As I said, this was a difficult mandala to draw. I knew almost from the beginning all the elements I would include; even while I was drawing them, however, there were times I could only work on it for a few minutes before I just had to put it down, because it was so uncomfortable to think about.

I'm glad I did it, though. Not only did I learn a lot about myself and about mandala making - I find it a very comforting piece to contemplate, now that it's done. It doesn't look as nice on the screen to me as it does IRL, but maybe that's because my screen stretches it out of proportion.

This morning I went to church with my mother-in-law. When she comes to visit us, she likes to attend the Presbyterian church not too far from our house, and I've been there a couple of times with her. It's a lovely building, and I enjoy their services. I have been to enough services over the years that I am familiar with a fair number of hymns as well as the prayers that are part of the standard liturgy; it feels comfortable. After a tough couple of weeks, I was looking forward to some time for contemplation.
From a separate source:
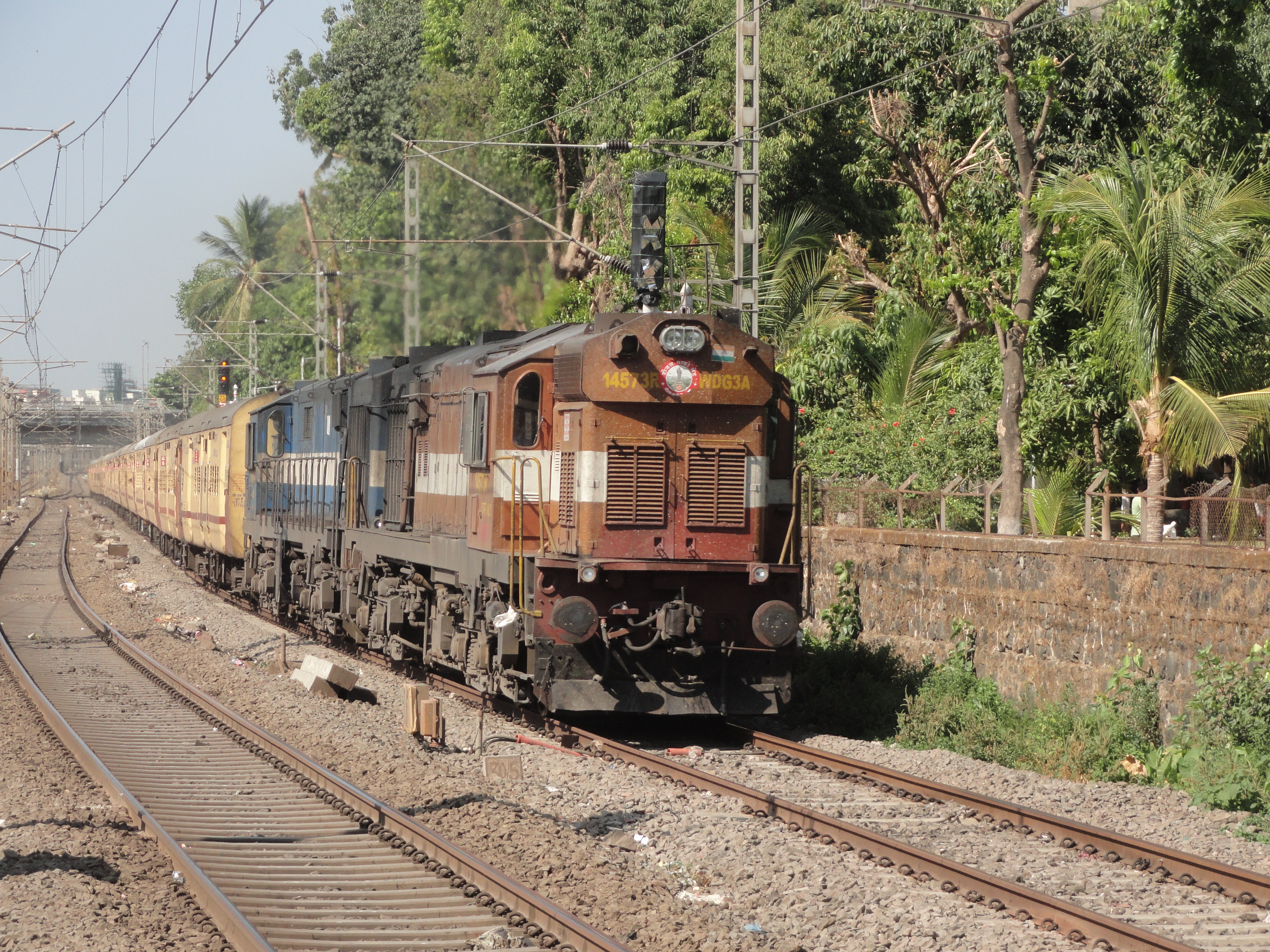 31411 Sealdah - Naihati Galloping Local photo 5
What a nice surprise we had when we walked in & discovered a brass quintet and 50-voice choir! And they were
good. Early on in the service, I decided that at least twice a month for the next few months I will visit a place of worship - various religions. Not to look for a permanent one; just as a way to stimulate a part of me that hasn't gotten enough stimulation lately.

Anyway, when we got home & had fed lunch to everyone, I sat down to create the next-to-last mandala of this lesson: a mandala that is a prayer. It is mostly in gel pen, with some cut paper (I really need to find a pair of slender scissors and the right kind of glue, as cutting out and gluing on those slivers of paper was very awkward - any suggestions on glue, in particular, would be welcome!).

I call this simply "Prayer." The symbol in the center is "Aum" or "Om." It is surrounded by a design I saw yesterday at the King Tut exhibit in Philadelphia (I would have spent even more than two hours there, had there not been people waiting for me - it was a beautiful and moving exhibit). The design was on a little chair that had been Tutankhamen's when he was a child, and was then placed in his tomb after his death. I copied it into a small notebook yesterday with the intention of putting it into this mandala.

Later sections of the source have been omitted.